Shoulder pain result from various causes. In cases of shoulder pain caused by a rotator cuff tear, patients generally experience pain both in and around the shoulder, and especially on the front and side of the shoulder. Doctors will perform an examination in order to isolate the cause of the shoulder pain and determine whether it is due to a problem in the shoulder or whether it is coming from another part of the body, such as the neck, etc. Other tests that may help your doctor confirm your diagnosis and provide more information about your rotator cuff include x-rays and an magnetic resonance imaging (MRI). The use of x-rays or an MRI will be considered on a patient-by-patient basis, depending on the history and results of the physical examination of each individual.
Treatment of a rotator cuff tear depends on the severity of the injury or condition.
In cases where the rotator cuff is inflamed but not torn, a conservative treatment approach may be used. This approach includes reducing shoulder joint activity and taking anti-inflammatory medication to reduce arm and shoulder pain. These measures are combined with physical therapy. In most cases, this kind of treatment should be sufficient for reducing the pain and improving the condition. Additionally, if your rotator cuff tendinitis is not managed through more conservative treatment, your doctor may recommend a steroid injection. The steroid is injected into the tendon to reduce inflammation, which also reduces pain.
When the results of an MRI show a partial rotator cuff tear, the conservative treatment approach may be used as described above, if the tear does not exceed one-half of the tendon thickness. If the tear depth is greater than one-half of the tendon thickness, however, surgery is recommended for better treatment results. Generally speaking, conservative treatment will be carried out for approximately three to six months, after which, if the patient does not respond to the treatment or there is no change in symptoms, or for example if the pain increases or the patient experiences muscle weakness, these developments would indicate the need for surgery as well.
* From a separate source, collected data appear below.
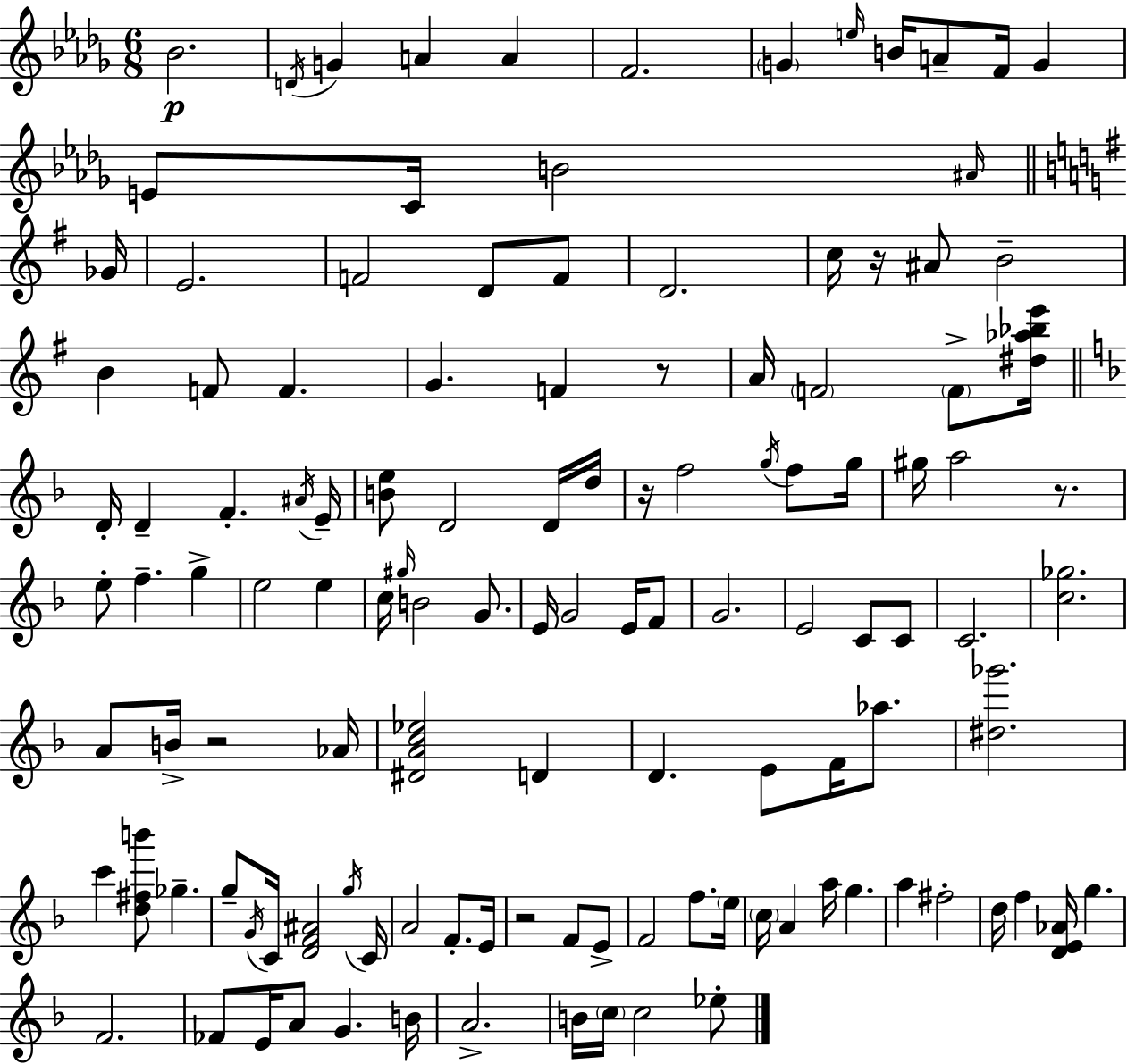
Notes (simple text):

Bb4/h. D4/s G4/q A4/q A4/q F4/h. G4/q E5/s B4/s A4/e F4/s G4/q E4/e C4/s B4/h A#4/s Gb4/s E4/h. F4/h D4/e F4/e D4/h. C5/s R/s A#4/e B4/h B4/q F4/e F4/q. G4/q. F4/q R/e A4/s F4/h F4/e [D#5,Ab5,Bb5,E6]/s D4/s D4/q F4/q. A#4/s E4/s [B4,E5]/e D4/h D4/s D5/s R/s F5/h G5/s F5/e G5/s G#5/s A5/h R/e. E5/e F5/q. G5/q E5/h E5/q C5/s G#5/s B4/h G4/e. E4/s G4/h E4/s F4/e G4/h. E4/h C4/e C4/e C4/h. [C5,Gb5]/h. A4/e B4/s R/h Ab4/s [D#4,A4,C5,Eb5]/h D4/q D4/q. E4/e F4/s Ab5/e. [D#5,Gb6]/h. C6/q [D5,F#5,B6]/e Gb5/q. G5/e G4/s C4/s [D4,F4,A#4]/h G5/s C4/s A4/h F4/e. E4/s R/h F4/e E4/e F4/h F5/e. E5/s C5/s A4/q A5/s G5/q. A5/q F#5/h D5/s F5/q [D4,E4,Ab4]/s G5/q. F4/h. FES4/e E4/s A4/e G4/q. B4/s A4/h. B4/s C5/s C5/h Eb5/e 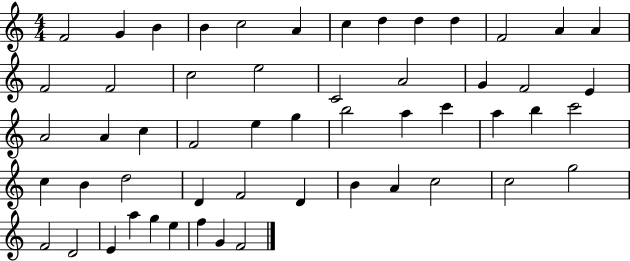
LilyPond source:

{
  \clef treble
  \numericTimeSignature
  \time 4/4
  \key c \major
  f'2 g'4 b'4 | b'4 c''2 a'4 | c''4 d''4 d''4 d''4 | f'2 a'4 a'4 | \break f'2 f'2 | c''2 e''2 | c'2 a'2 | g'4 f'2 e'4 | \break a'2 a'4 c''4 | f'2 e''4 g''4 | b''2 a''4 c'''4 | a''4 b''4 c'''2 | \break c''4 b'4 d''2 | d'4 f'2 d'4 | b'4 a'4 c''2 | c''2 g''2 | \break f'2 d'2 | e'4 a''4 g''4 e''4 | f''4 g'4 f'2 | \bar "|."
} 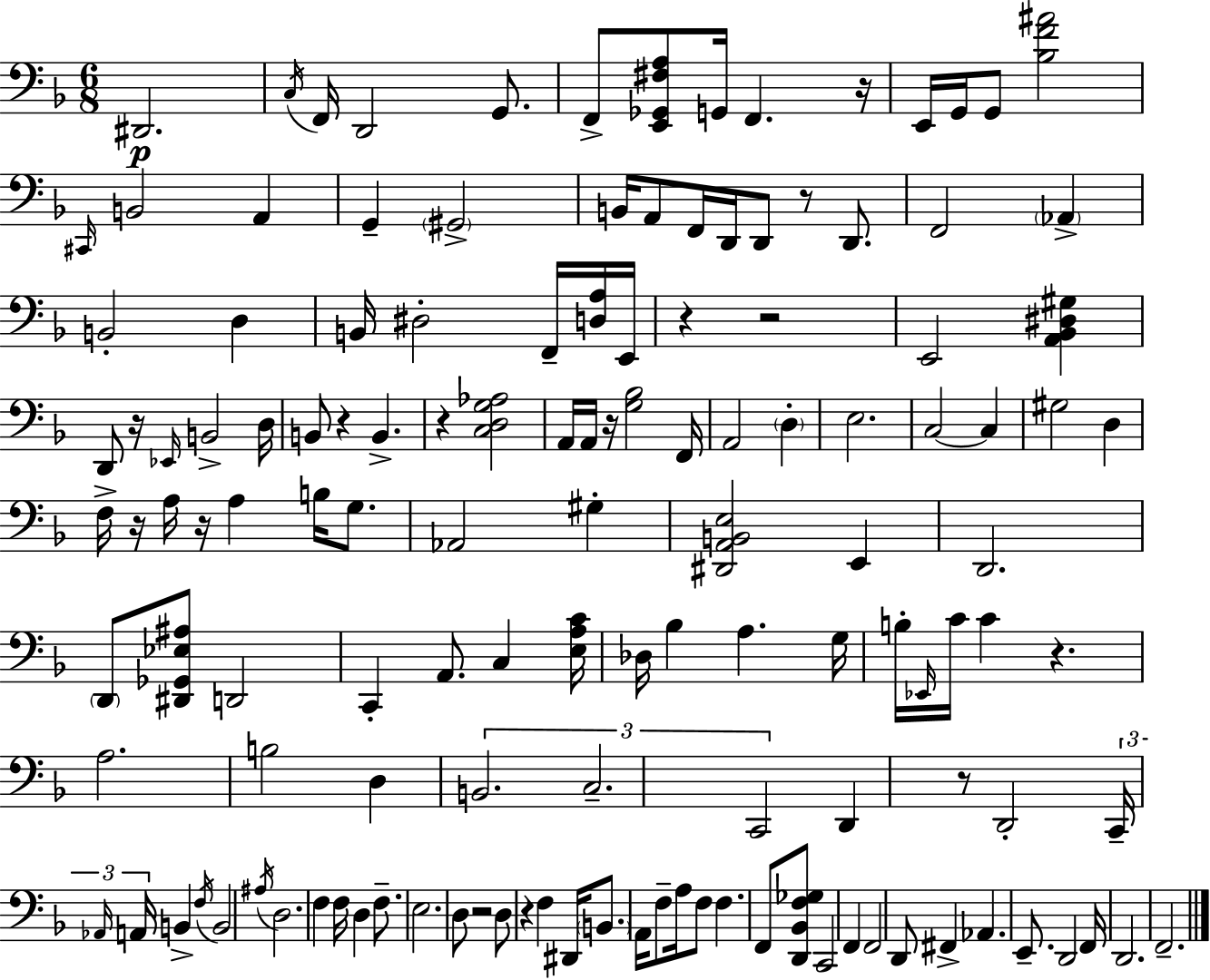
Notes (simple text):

D#2/h. C3/s F2/s D2/h G2/e. F2/e [E2,Gb2,F#3,A3]/e G2/s F2/q. R/s E2/s G2/s G2/e [Bb3,F4,A#4]/h C#2/s B2/h A2/q G2/q G#2/h B2/s A2/e F2/s D2/s D2/e R/e D2/e. F2/h Ab2/q B2/h D3/q B2/s D#3/h F2/s [D3,A3]/s E2/s R/q R/h E2/h [A2,Bb2,D#3,G#3]/q D2/e R/s Eb2/s B2/h D3/s B2/e R/q B2/q. R/q [C3,D3,G3,Ab3]/h A2/s A2/s R/s [G3,Bb3]/h F2/s A2/h D3/q E3/h. C3/h C3/q G#3/h D3/q F3/s R/s A3/s R/s A3/q B3/s G3/e. Ab2/h G#3/q [D#2,A2,B2,E3]/h E2/q D2/h. D2/e [D#2,Gb2,Eb3,A#3]/e D2/h C2/q A2/e. C3/q [E3,A3,C4]/s Db3/s Bb3/q A3/q. G3/s B3/s Eb2/s C4/s C4/q R/q. A3/h. B3/h D3/q B2/h. C3/h. C2/h D2/q R/e D2/h C2/s Ab2/s A2/s B2/q F3/s B2/h A#3/s D3/h. F3/q F3/s D3/q F3/e. E3/h. D3/e R/h D3/e R/q F3/q D#2/s B2/e. A2/s F3/e A3/s F3/e F3/q. F2/e [D2,Bb2,F3,Gb3]/e C2/h F2/q F2/h D2/e F#2/q Ab2/q. E2/e. D2/h F2/s D2/h. F2/h.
Full-thickness rotator cuff tears can lead to atrophy of the rotator cuff muscles, fatty infiltration, and possible muscle retraction, causing loss of function in the rotator cuff. Additionally, the size and depth of the tear will continue to increase, resulting in loss of shoulder stability and changes in the distribution of force to the shoulder joint surface, leading to further degeneration of the shoulder joint. Therefore, in cases of full- thickness rotator cuff tears, surgical treatment is recommended in order to repair the tendons and muscles in the rotator cuff.
We have found that some elderly patients may have rotator cuff tears without experiencing any of symptoms. This situation could be due to the rebalancing of the muscles surrounding the patient’s shoulder, causing the shoulder joint to remain stable and its functions to be retained without displaying the usual symptoms. However, in cases where there is pain along with a rotator cuff tear and non-surgical treatment is carried out, even if the pain decreases and the mobility is improved, the amount of weakness in the shoulder muscles generally remains the same or worsens. In addition, improvements in the symptoms in such cases have not been found to last in the long term and/or may revert back to the same or even worse levels of discomfort after some time. When monitoring a patient’s symptoms over a long period of time, increased degeneration of the shoulder joint is often found. Changes that occur in the rotator cuff when a tear has been left untreated for a long period of time include tendon retraction and muscle atrophy. These changes are limiting factors and make it impossible for the rotator cuff to be repaired.
The type of surgical treatment chosen by the doctor to treat the condition is dependent upon the type of tear and the condition of the rotator cuff itself. One surgical procedure that has been developed for the repair of rotator cuff tears involves the use of a small camera that is inserted into the shoulder to see and repair the rotator cuff tear. This is called an arthroscopic rotator cuff repair. The advantages of this type of surgery are: reduced pain in the shoulder muscles, smaller incisions, and less postoperative pain. This type of surgery also allows for a much quicker return to normal function than would be possible with traditional open surgery, and it can also mean less time spent recuperating in the hospital as well. If, however, the condition of the rotator cuff is very poor or the tear is too large to repair, combined with shoulder joint deterioration, the shoulder replacement surgery will offer better treatment results.
The latest advancements in surgical technology, fixation techniques and related equipment, combined with physical therapy developed to meet the specific needs of each patient and carried out with good cooperation from the patient can all help patients recover from rotator cuff injuries and tears and return to their normal activities and lives as quickly as possible.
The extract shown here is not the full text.